• **Data**:
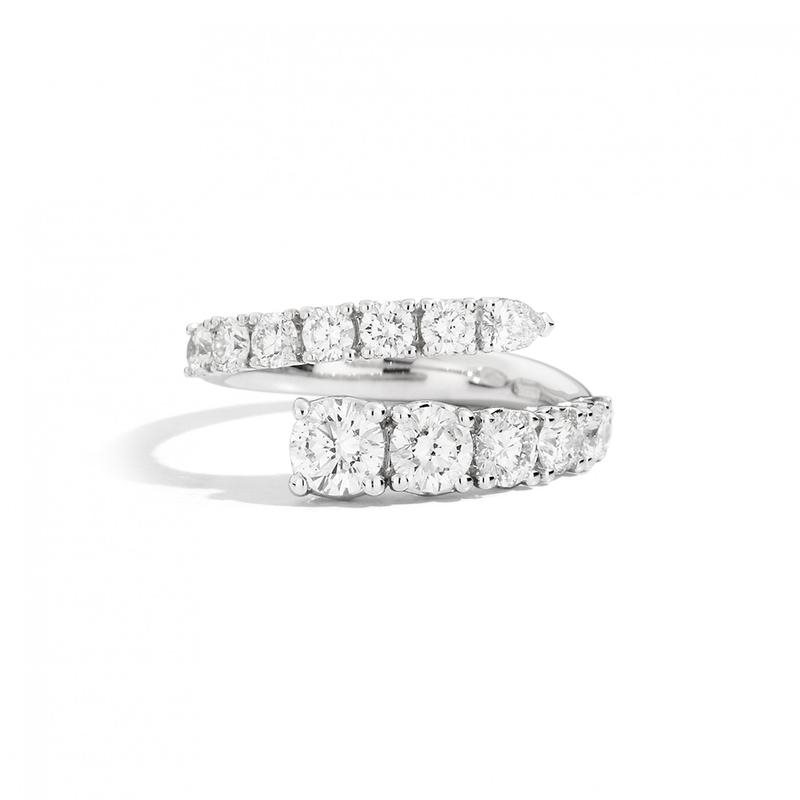 Anello Contrarié Anniversary Anello Contrarié Anniversary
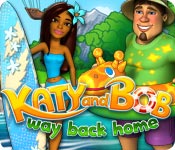 Katy And Bob: Way Back Home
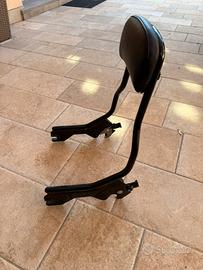 Sissy bar Harley Davidson Softail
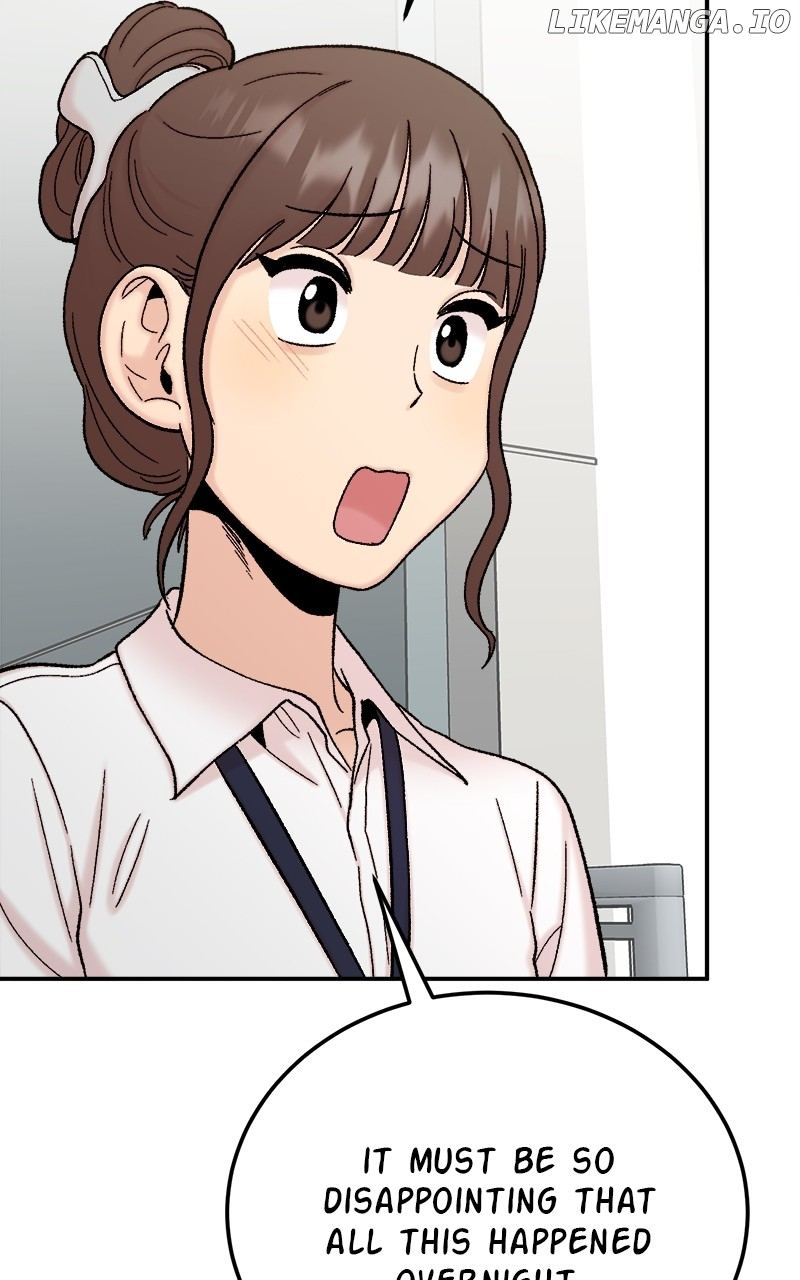 My Dud To Stud Boyfriend Chapter 115 page 26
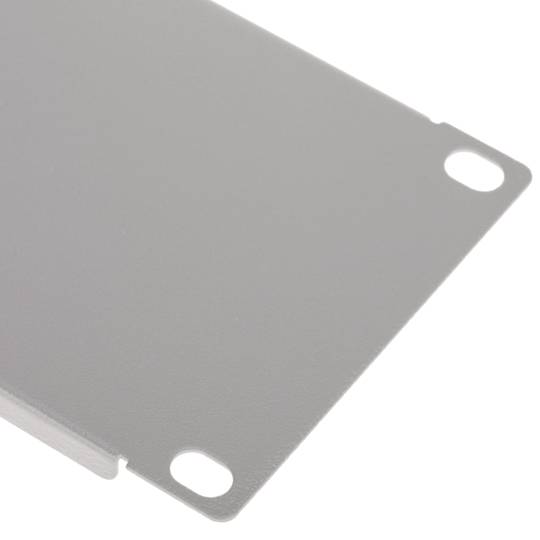 2U blank panel for 19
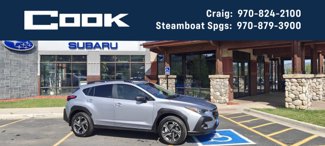 New 2025 Subaru Crosstrek 2.5i Premium image 1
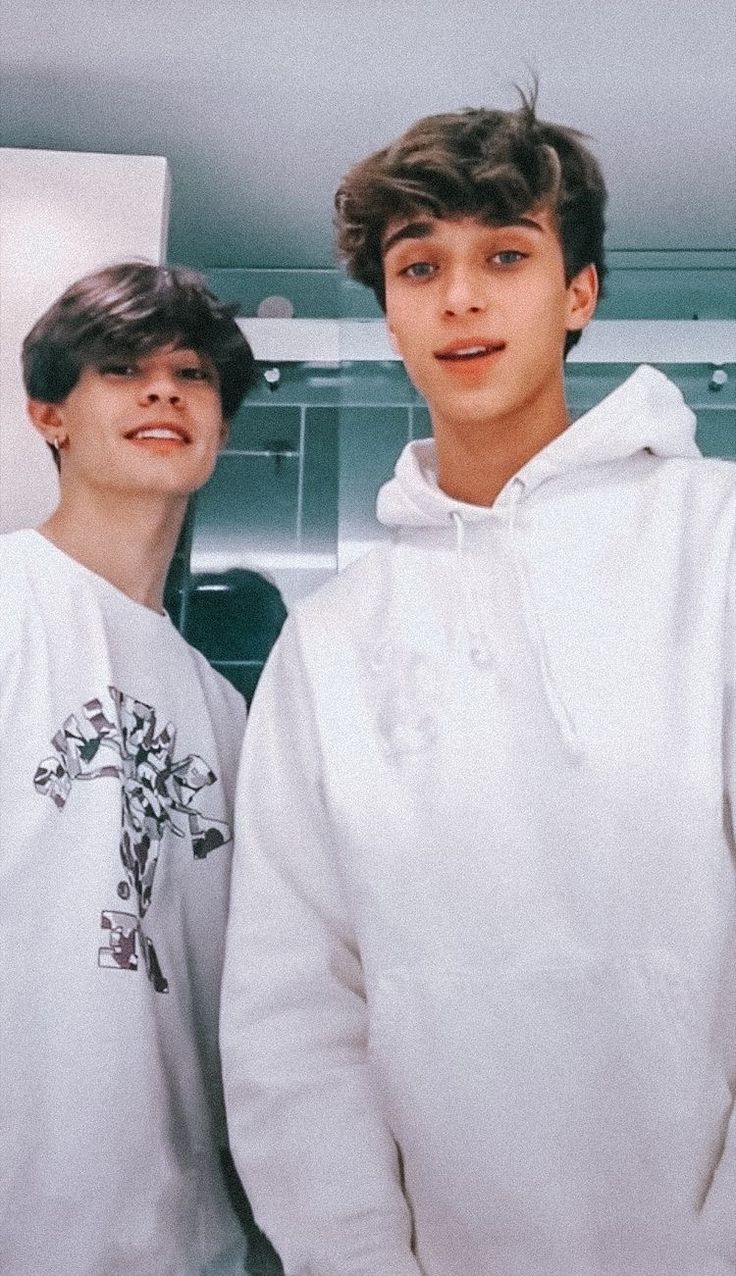 American boys. Rapazes giros, Meninos bonitos, Series e filmes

• **Exercise**:
Starting at the line that contains "Katy And Bob: Way Back Home", return every line through the end of the records above exactly as written, and return no pictures.

• **Solution for this task**:
 Katy And Bob: Way Back Home
 Sissy bar Harley Davidson Softail
 My Dud To Stud Boyfriend Chapter 115 page 26
 2U blank panel for 19
 New 2025 Subaru Crosstrek 2.5i Premium image 1
 American boys. Rapazes giros, Meninos bonitos, Series e filmes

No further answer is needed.